Prompt |
Exact reproduction required: the lines below from the line with "พระสมเด็จหลวงพ่อคูณ ปริสุทโธ วัดบ้านไร่" to the line with "Used 2023 Buick", both ends included, and no others.

Data for the task |
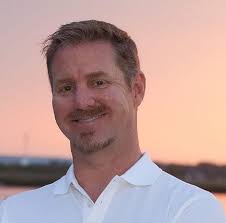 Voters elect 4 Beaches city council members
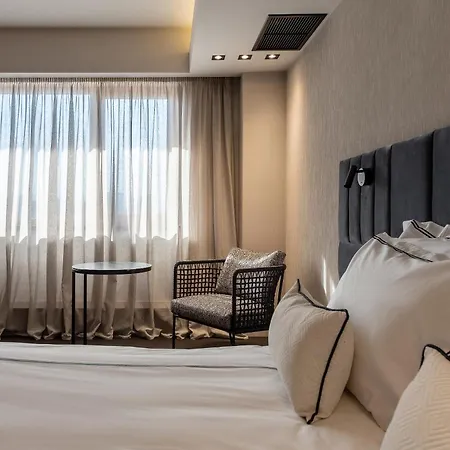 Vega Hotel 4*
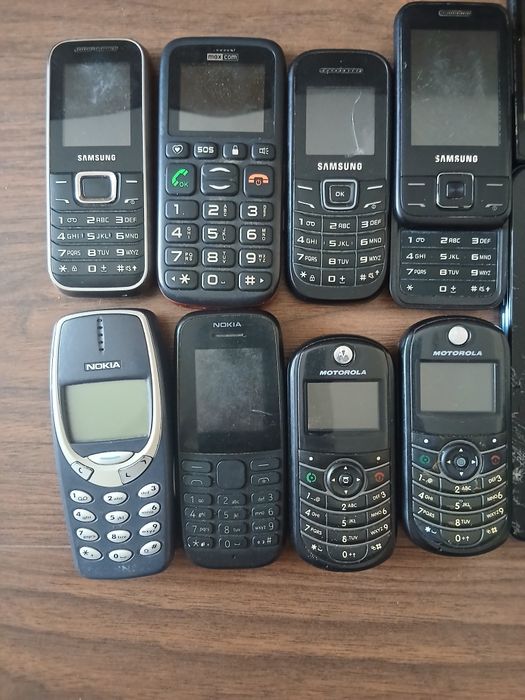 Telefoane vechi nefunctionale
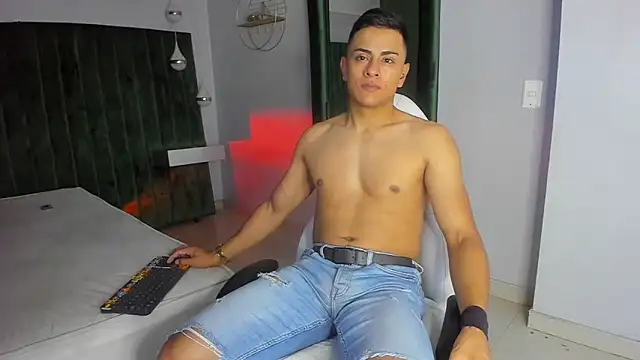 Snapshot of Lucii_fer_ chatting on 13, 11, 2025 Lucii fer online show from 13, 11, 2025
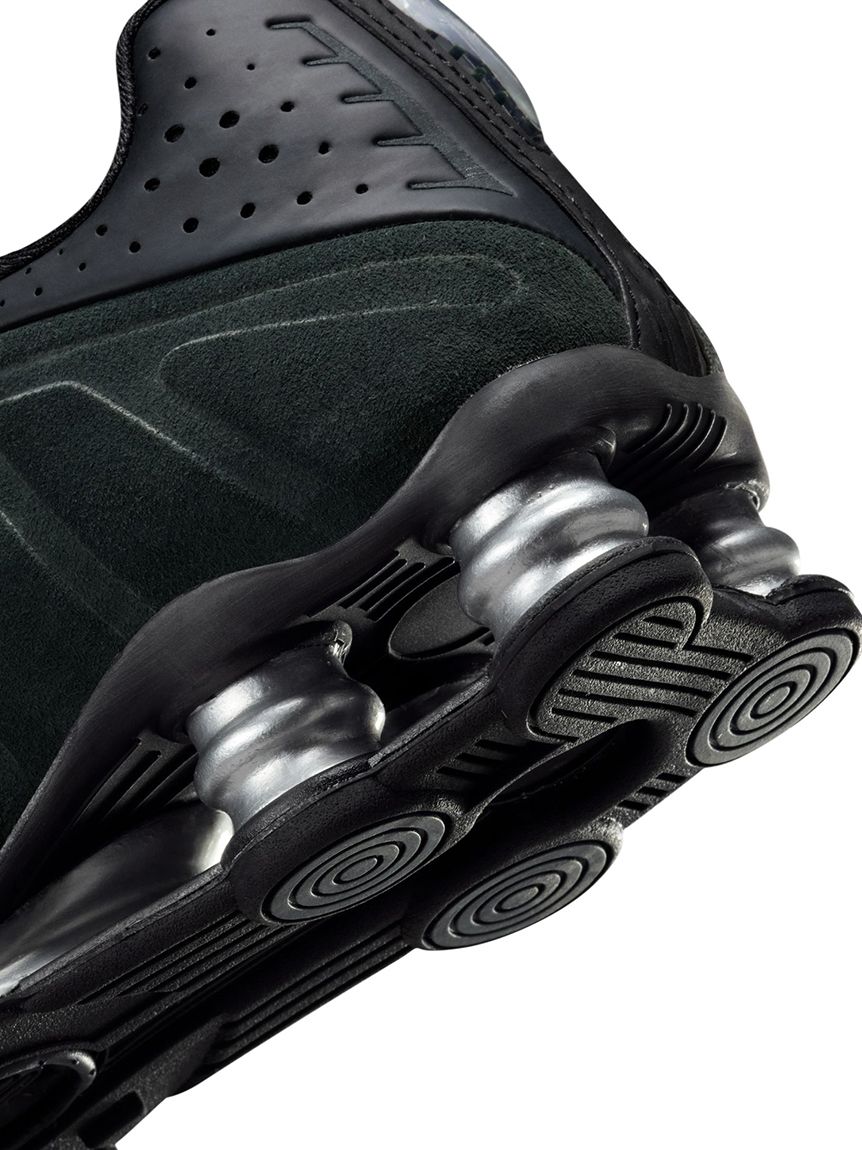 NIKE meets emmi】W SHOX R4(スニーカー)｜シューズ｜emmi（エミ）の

==

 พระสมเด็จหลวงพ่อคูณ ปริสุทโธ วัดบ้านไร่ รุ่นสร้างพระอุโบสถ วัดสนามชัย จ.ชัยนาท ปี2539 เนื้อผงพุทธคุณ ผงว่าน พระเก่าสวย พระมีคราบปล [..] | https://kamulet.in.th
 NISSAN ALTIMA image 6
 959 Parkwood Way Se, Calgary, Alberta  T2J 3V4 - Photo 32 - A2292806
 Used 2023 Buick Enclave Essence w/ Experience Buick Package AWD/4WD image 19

--

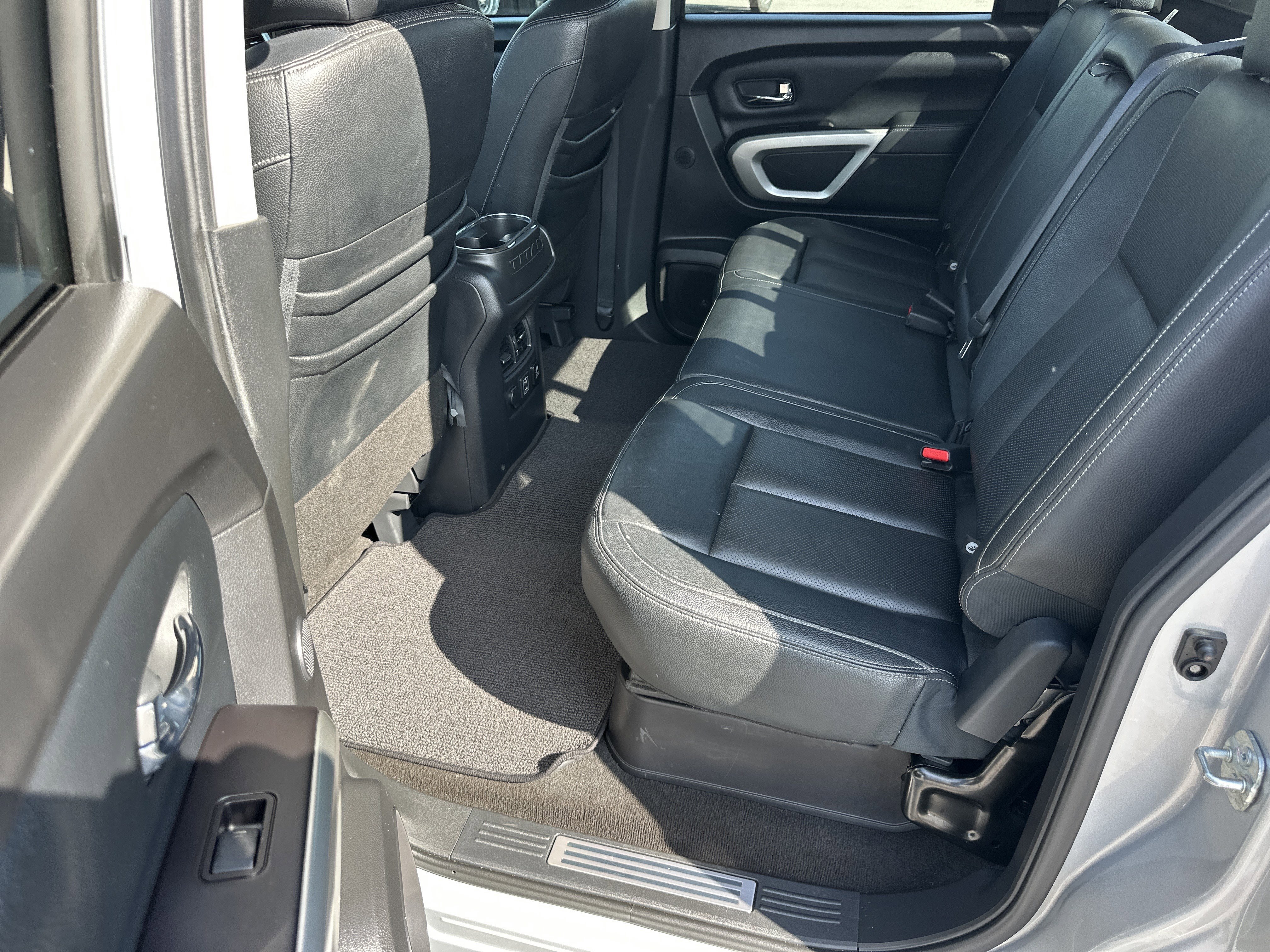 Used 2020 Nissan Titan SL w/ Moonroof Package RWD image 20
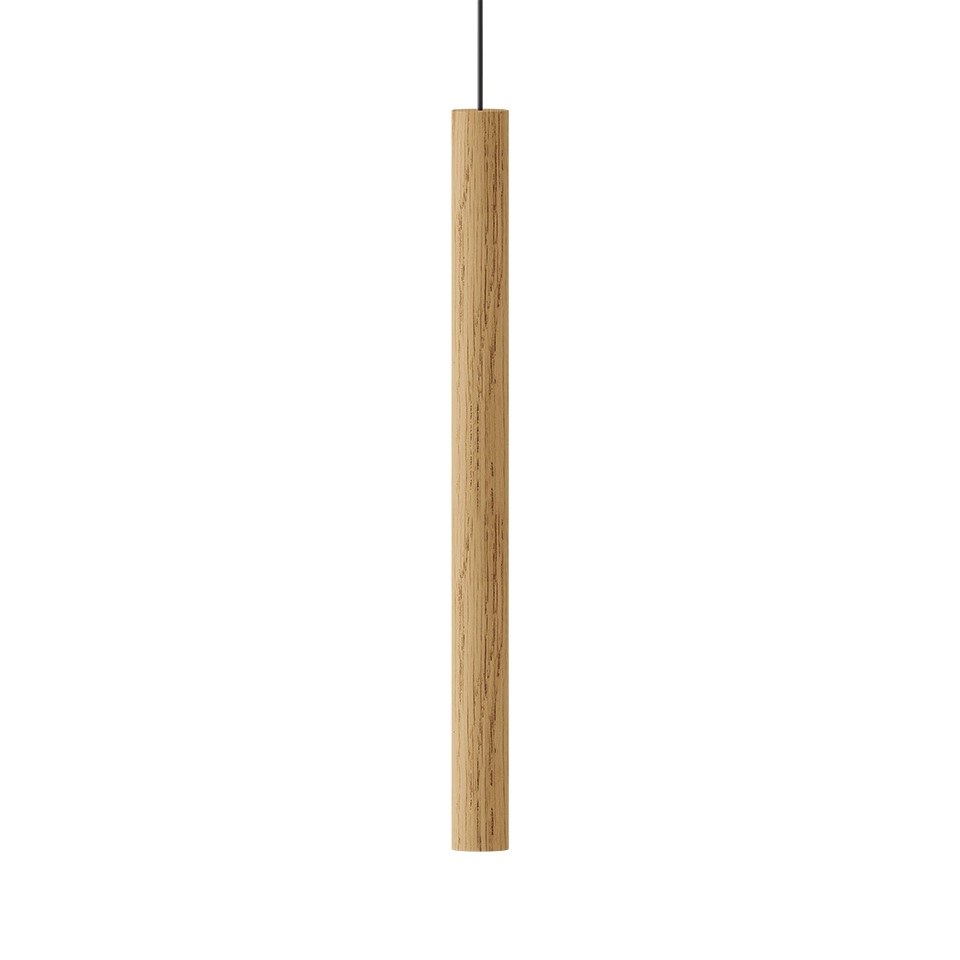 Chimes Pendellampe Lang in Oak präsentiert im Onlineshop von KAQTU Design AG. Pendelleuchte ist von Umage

Task solution |
 พระสมเด็จหลวงพ่อคูณ ปริสุทโธ วัดบ้านไร่ รุ่นสร้างพระอุโบสถ วัดสนามชัย จ.ชัยนาท ปี2539 เนื้อผงพุทธคุณ ผงว่าน พระเก่าสวย พระมีคราบปล [..] | https://kamulet.in.th
 NISSAN ALTIMA image 6
 959 Parkwood Way Se, Calgary, Alberta  T2J 3V4 - Photo 32 - A2292806
 Used 2023 Buick Enclave Essence w/ Experience Buick Package AWD/4WD image 19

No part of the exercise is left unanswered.